The title is a reference to Samuel Beckett’s play “Waiting for Godot,” which premiered in 1953. Do you get it? I know how to read. 

This weekend, the fraternity quad transformed into pre-industrialized 19th century Siberia. Women cried, the ground was frozen white, and the night sky was imbued with a deep grey most likely absorbed from the desolation of the people that walked the earth below it.

To my left, a girl shivering, her head repeatedly smooshed into the chest of a boy who looked like Scarecrow from “Wizard of Oz.” Her friend kept trying to speak to her, but Scarecrow didn’t allow it — he just kept smooshing. To my right, a couple in anguish, running around to yell at each other from different angles on the frat quad. “Literally don’t!” the girl screamed, but to no avail. The boy continued to do. 

“I think we have a good chance of getting in,” said a boy on the treacherous steps of Sigma Phi Epsilon. The steps of Theta Chi contained a similar tense longing, with a group of girls asking the little stinkers at the door if they recognized her friend from Tinder. 

Is this who we really are? Humans bound to each other by an unspoken contract: Give me your body or time and I’ll let you into my shitty basement. The alcohol is always mediocre, the tunes are middling at best, there’s always one person on the dangerous verge of collapse, and still, we continue to do it. We point our Party City laser lights at the crumbling ceiling of the basement, jump up and down, and hope that maybe tonight, we’ll go back to someone’s dorm and they won’t make us feel dead inside. Maybe tonight. 

My friends and I did eventually get into Sig Ep, and it was fine.
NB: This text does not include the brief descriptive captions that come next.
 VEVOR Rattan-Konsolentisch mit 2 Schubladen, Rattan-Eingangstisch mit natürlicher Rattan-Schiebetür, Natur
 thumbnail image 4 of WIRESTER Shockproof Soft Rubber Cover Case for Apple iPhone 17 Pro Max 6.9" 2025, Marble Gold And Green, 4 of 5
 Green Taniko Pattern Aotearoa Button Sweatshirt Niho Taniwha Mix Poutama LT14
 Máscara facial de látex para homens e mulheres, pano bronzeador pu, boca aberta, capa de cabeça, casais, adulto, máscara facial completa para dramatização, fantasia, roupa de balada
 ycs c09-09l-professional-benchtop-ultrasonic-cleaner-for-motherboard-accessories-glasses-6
I don’t know what the theme was, so that gets a zero. There were a lot of people dancing and one guy was wearing a top hat, so attendance gets an eight. Atmosphere was humid, someone pushed me out of the way as I was trying to enter, but everyone looked like they were having fun, so that gets a seven. Sig Ep’s final score is a five. How nice for them. 

Outside again, I was shivering. The chill in the air cut through my jacket, my sweater, and into the small part of me that wonders if I’ll ever fit in with these people. Could I ever make myself happy in that place? Dancing with sweating strangers who all want something? It could be sex or alcohol, wanting to defy their parents, or just wanting to feel something. My fingers were frozen and I didn’t feel anything. Dicks look like Goomba from Super Mario Bros.